When I idly complain about these facts of my life, my wife likes to say it’s the profession I’ve chosen, the lifestyle of a journalist that makes the day-to-day so hectic, the heartache so prevalent. I tell her I don’t buy that, and I don’t. I chose this profession. I could’ve chosen any profession. I probably could’ve been a doctor, thought about being a lawyer, almost became a teacher. It wouldn’t matter what profession I was in, I would still have to deal with heartache. Daddy’s got to go to work.
I am not unique in this respect. Thousands of people in this community deal with the same thing everyday in different capacities. At least my wife can stay home and be with the children, to financial detriment. Some kids see more of their baby-sitters than they do of their parents. It doesn’t make any of us bad. It’s a fact of life. To make it in this world, to provide the life we want for our children, we all have to work. Very few people are independently wealthy, and this is why we despise those people secretly, and publicly love them in the hopes their wealth will rub off on us so we will never have to hear those dejected words from our children again.
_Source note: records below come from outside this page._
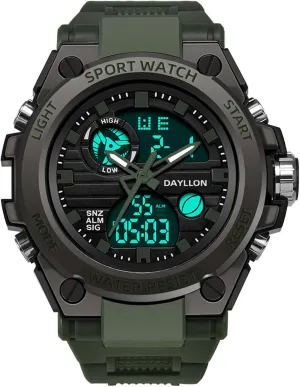 Watch Military Sports Outdoor Waterproof hop lump cessation propel melodic Watches for Men Date Multi Function Tactics Alarm Stopwatch Analog Watches Mens 
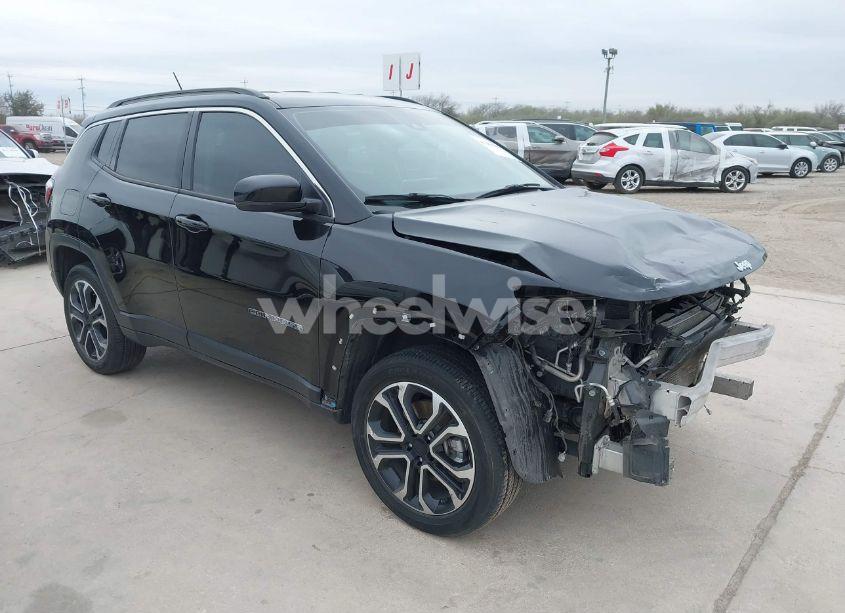 2022 Jeep Compass LIMITED 4X4 (VIN 3C4NJDCB6NT195345) main photo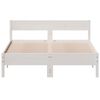 vidaXL Bed Frame without Mattress White 120x190 cm Small Double Solid Wood Pine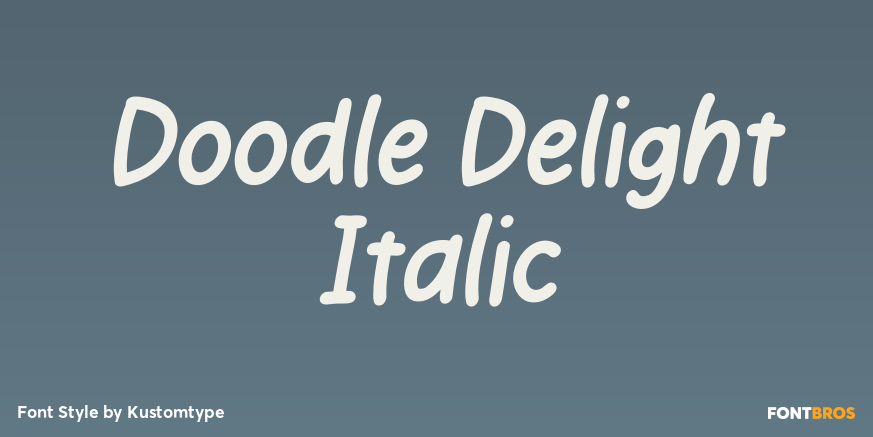 Doodle Delight Italic Poster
We play the lottery in the hopes to attain that wealth because most of us will never be blessed with a benevolent billionaire benefactor. Like me, many of us search for professions they would do even if they were independently wealthy. If I won the lottery, I’d still work for the newspaper. They wouldn’t even have to pay me.
Some people aren’t as lucky. They work jobs they despise just to ensure their children have all the things they need. They work long hours, endure the stress of their daily lives not because they are gluttons for punishment. They don’t wish to work dismal jobs they can’t stand because they’re masochists. They do it for their children, so that heartache of leaving everyday from work doesn’t become the heartache of no roof over their heads, no food in their stomachs, no future.
We work for the hope life will be better.
That’s why my parents worked, and they worked hard. They wanted a better future for my sister and I. So they worked different shifts or had to rely on baby-sitters as they went off to that mind-numbing place and toil away their days in the hopes we would do better. My sister and I both went to college. My parents didn’t. My sister has a good job with a major company. I’m the editor of the hometown newspaper. In some respects, it paid off.
I try to remember that as I drive away from that confused baby boy and that dejected little girl building an animal rescue center with less zeal. I try to remember, in the end, I hope they will thank us for it, like we thank our parents and their parents before them. I try to remember, everyday, everyone is a hero to someone.
It doesn’t make it any easier to swallow.